Goal of the exercise »
Scan the records for "Edition" and copy each line that contains it.

*** Record extracts

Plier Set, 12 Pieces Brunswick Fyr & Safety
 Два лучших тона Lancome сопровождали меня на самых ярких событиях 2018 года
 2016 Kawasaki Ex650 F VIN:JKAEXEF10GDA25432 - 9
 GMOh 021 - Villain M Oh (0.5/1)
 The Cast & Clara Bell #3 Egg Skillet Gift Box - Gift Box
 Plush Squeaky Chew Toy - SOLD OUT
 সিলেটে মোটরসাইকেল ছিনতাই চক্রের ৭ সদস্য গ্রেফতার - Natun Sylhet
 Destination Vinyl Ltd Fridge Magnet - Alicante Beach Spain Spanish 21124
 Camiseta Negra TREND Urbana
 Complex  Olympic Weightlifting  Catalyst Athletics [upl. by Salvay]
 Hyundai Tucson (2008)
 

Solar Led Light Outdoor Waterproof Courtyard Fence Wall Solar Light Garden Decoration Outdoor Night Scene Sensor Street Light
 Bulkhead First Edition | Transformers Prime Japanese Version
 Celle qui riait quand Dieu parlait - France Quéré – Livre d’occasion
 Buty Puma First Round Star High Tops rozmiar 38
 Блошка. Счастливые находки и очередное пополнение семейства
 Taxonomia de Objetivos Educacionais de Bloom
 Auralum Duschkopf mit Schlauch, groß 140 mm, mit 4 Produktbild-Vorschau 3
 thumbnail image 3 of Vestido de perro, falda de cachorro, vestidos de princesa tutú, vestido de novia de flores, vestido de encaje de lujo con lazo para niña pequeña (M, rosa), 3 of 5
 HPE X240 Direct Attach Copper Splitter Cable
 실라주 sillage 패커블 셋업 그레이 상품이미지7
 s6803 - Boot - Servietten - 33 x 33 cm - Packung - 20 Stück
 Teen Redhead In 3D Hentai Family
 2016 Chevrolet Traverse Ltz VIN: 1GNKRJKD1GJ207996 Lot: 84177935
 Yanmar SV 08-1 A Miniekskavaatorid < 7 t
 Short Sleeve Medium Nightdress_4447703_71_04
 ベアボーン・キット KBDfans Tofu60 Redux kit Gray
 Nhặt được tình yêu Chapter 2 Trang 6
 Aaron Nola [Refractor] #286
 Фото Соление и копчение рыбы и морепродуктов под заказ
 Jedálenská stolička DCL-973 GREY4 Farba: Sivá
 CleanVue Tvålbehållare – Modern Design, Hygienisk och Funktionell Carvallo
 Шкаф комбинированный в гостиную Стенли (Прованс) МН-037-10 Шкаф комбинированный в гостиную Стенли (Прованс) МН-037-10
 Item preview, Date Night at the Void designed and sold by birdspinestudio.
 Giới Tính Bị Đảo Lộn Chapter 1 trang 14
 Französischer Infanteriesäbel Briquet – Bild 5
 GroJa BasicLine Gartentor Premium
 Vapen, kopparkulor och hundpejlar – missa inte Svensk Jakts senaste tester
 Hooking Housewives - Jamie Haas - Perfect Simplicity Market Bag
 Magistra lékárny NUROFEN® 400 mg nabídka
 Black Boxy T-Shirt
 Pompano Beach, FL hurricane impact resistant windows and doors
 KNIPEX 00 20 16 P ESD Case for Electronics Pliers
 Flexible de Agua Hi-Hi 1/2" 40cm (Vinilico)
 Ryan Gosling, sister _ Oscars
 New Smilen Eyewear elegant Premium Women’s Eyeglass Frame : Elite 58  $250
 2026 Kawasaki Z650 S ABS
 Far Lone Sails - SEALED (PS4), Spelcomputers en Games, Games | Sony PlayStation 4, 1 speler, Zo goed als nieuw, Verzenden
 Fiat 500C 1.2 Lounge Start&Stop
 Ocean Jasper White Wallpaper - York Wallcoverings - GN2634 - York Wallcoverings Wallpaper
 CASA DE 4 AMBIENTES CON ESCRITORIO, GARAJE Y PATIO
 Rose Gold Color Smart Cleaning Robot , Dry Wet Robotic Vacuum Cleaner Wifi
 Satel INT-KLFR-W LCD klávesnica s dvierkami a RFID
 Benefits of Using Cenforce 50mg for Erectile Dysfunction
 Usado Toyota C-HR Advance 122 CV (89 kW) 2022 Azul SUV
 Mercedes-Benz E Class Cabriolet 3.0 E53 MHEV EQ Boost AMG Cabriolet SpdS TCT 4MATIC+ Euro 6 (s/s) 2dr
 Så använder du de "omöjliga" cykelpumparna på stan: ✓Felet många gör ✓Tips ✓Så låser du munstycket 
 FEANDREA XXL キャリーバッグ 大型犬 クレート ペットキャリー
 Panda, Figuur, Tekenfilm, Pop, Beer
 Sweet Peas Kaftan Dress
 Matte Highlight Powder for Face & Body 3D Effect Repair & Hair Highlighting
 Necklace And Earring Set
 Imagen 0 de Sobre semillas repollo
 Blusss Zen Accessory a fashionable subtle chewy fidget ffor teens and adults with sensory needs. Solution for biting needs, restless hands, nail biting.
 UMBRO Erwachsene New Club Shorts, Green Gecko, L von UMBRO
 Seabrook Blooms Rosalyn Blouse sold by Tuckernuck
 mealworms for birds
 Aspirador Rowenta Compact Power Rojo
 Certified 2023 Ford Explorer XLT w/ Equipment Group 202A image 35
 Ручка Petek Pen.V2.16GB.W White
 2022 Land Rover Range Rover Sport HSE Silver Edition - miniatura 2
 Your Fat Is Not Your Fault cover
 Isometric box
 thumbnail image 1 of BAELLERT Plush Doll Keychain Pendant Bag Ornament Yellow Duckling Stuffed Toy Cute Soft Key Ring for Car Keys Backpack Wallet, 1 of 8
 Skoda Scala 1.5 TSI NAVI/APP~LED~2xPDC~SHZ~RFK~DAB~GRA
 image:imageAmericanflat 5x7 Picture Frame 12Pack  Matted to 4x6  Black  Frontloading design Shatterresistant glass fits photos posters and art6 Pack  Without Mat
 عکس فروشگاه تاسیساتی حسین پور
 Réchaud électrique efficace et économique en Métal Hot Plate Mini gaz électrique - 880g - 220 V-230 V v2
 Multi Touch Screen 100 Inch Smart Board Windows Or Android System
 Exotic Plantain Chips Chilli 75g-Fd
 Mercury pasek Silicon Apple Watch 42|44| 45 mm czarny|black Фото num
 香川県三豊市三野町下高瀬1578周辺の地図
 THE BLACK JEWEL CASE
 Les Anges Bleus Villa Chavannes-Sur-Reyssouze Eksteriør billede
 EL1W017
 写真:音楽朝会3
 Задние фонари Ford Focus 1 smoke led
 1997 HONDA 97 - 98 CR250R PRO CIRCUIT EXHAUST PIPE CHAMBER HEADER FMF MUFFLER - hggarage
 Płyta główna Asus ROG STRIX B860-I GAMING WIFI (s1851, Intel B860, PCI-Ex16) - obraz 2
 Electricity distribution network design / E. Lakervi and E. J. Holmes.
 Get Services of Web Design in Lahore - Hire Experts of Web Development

******

Answer space »
 Bulkhead First Edition | Transformers Prime Japanese Version
 2022 Land Rover Range Rover Sport HSE Silver Edition - miniatura 2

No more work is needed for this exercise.